Kenegaraan

Pengadaan Barang/Jasa dari Dana Hibah

Bacaan 4 Menit
Pengadaan Barang/Jasa dari Dana Hibah

Pertanyaan

Bila suatu korporasi atau organisasi non pemerintah mendapat hibah dari pemerintah atau pemerintah daerah, kemudian ingin membelanjakan barang berupa barang inventaris organisasi, apakah harus menggunakan mekanisme pelelangan sesuai Keppres No. 80 Tahun 2003? Terima kasih.

Intisari Jawaban

circle with chevron up

Ulasan Lengkap

Menurut pasal 1 angka 1 Keppres No. 80 Tahun 2003 beserta perubahannya, pengadaan barang/jasa pemerintah adalah kegiatan pengadaan barang/jasa yang dibiayai dengan APBN/APBD, baik yang dilaksanakan secara swakelola maupun oleh penyedia barang/jasa.

Di dalam penjelasan pasal 1 angka 1 Keppres No. 80 Tahun 2003 beserta perubahannya dijelaskan, yang dimaksud dengan dilaksanakan secara swakelola adalah:

a.      Dilaksanakan sendiri secara langsung oleh instansi penanggung jawab anggaran;

b.      Institusi pemerintah penerima kuasa dari penanggung jawab anggaran, misalnya: perguruan tinggi negeri atau lembaga penelitian/ilmiah pemerintah;

c.      Kelompok masyarakat penerima hibah dari penanggung jawab anggaran.

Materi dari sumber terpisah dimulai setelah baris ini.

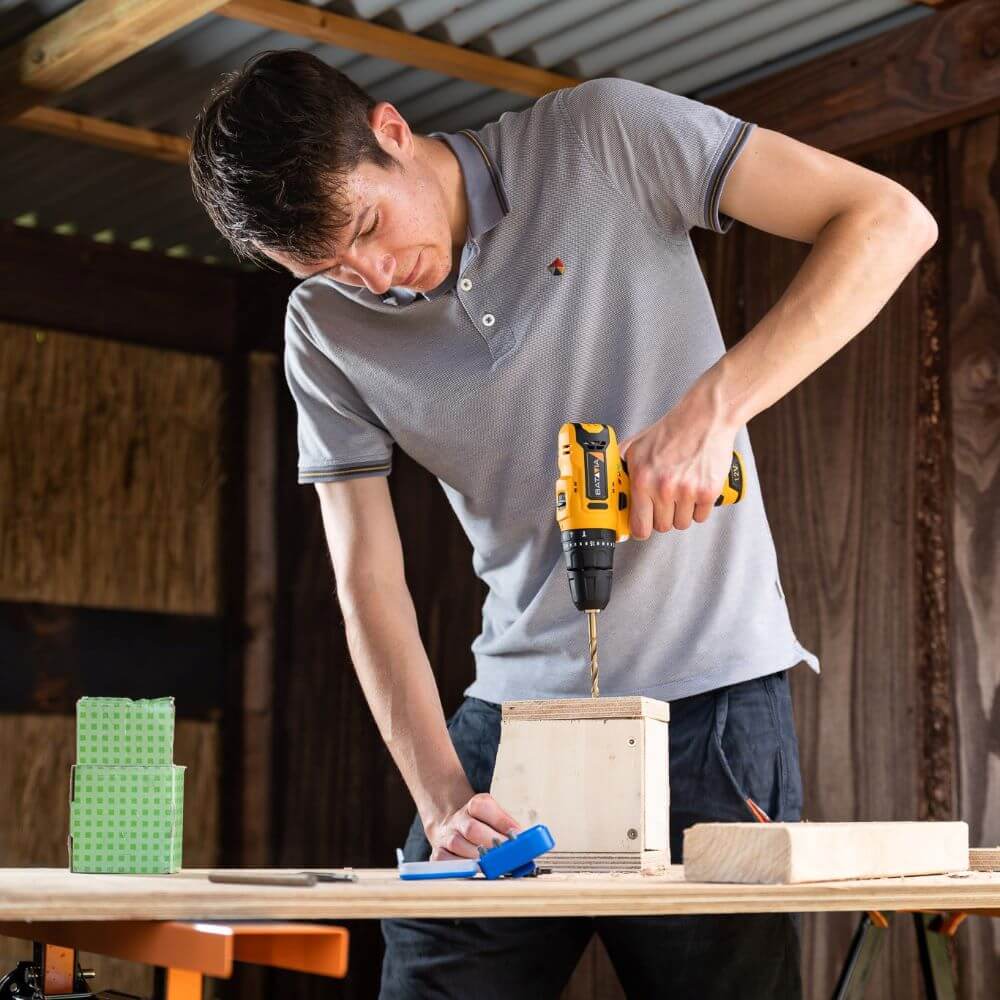 12V Cordless Combi Drill - Image 5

Korporasi atau organisasi non pemerintah mendapat hibah dari pemerintah atau pemerintah daerah termasuk dalam “Kelompok masyarakat penerima hibah dari penanggung jawab anggaran” sesuai penjelasan pasal 1 angka 1 huruf c Keppres No. 80 Tahun 2003 beserta perubahannya. Karena itu, untuk pengadaan barang/jasanya harus tunduk pada Keppres No. 80 Tahun 2003 beserta perubahannya.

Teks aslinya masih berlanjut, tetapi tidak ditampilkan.